Help will be much appreciated ... ...

Peter

 

[andrewkirk]

Hello Peter. It's good to see you posting again. Haven't seen you for some time.

I can't make sense of the line that defines $F_j(t)$, between 2.2 and 2.3. There's a big space containing a fuzzy superscript-like mark that is a bit like a $t$ or a 1, but doesn't exactly match either. I can't think of any way to interpret it. It can't be an exponent, as a vector can't be raised to a power.

Do you know what that line is trying to do?

PS Also $e^j$ appears undefined. Is the author referring to the vector with all zero components except for a 1 in the $j$th position?

 

[andrewkirk]

Ah OK, got it now. It's actually $h^{j-1}$ but the minus sign is invisible in the scan, and the 1 doesn't quite look like a 1.

To prove that formula, look back at 2.2. All we need to do is prove that $F_j(h_j)=f(x+h^j)$ and $F_j(0)=f(x+h^{j-1})$. To do that, just substitute $h_j$ and 0 into the formula that defines $F_j$. It's easy for the 0 case. The other case might require a bit of extra thought, involving the relationship between $h^j$ and $h^{j-1}$.

For the last bit, substitute the RHS of 2.4 into the bit inside the absolute value signs in the next line. Then use 2.3 to replace the derivative of $F_j$ by a partial derivative of $f$ (RHS of 2.3), inside that absolute value.

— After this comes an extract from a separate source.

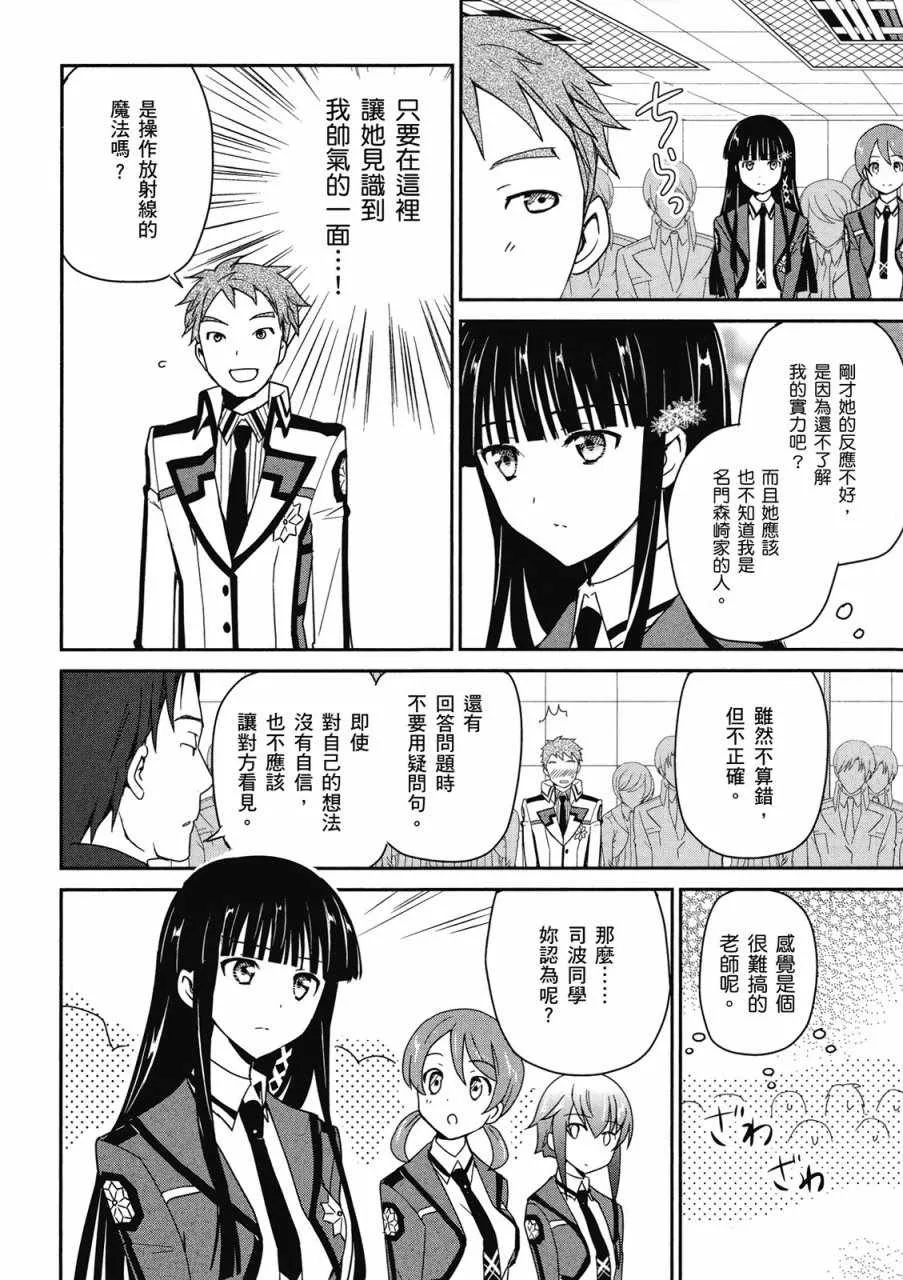 第1卷 第132页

But how to get rid of the absolute value signs? I think the answer is that they should not be there. They are a mistake. Look at where they are introduced in 2.2. No reason is given for them and inspection of that formula suggests it makes more sense if the absolute value signs are just replaced by parentheses. Indeed, for 2.2 to be true as written, $x$ would have to be a local minimum of $f$, and that is not in the premises of the proposition. The absolute-valueness of them is not used anywhere in the proof. Indeed, the proof goes through if they are changed to parentheses, but not otherwise.

 

[Math Amateur]

Ah OK, got it now. It's actually $h^{j-1}$ but the minus sign is invisible in the scan, and the 1 doesn't quite look like a 1.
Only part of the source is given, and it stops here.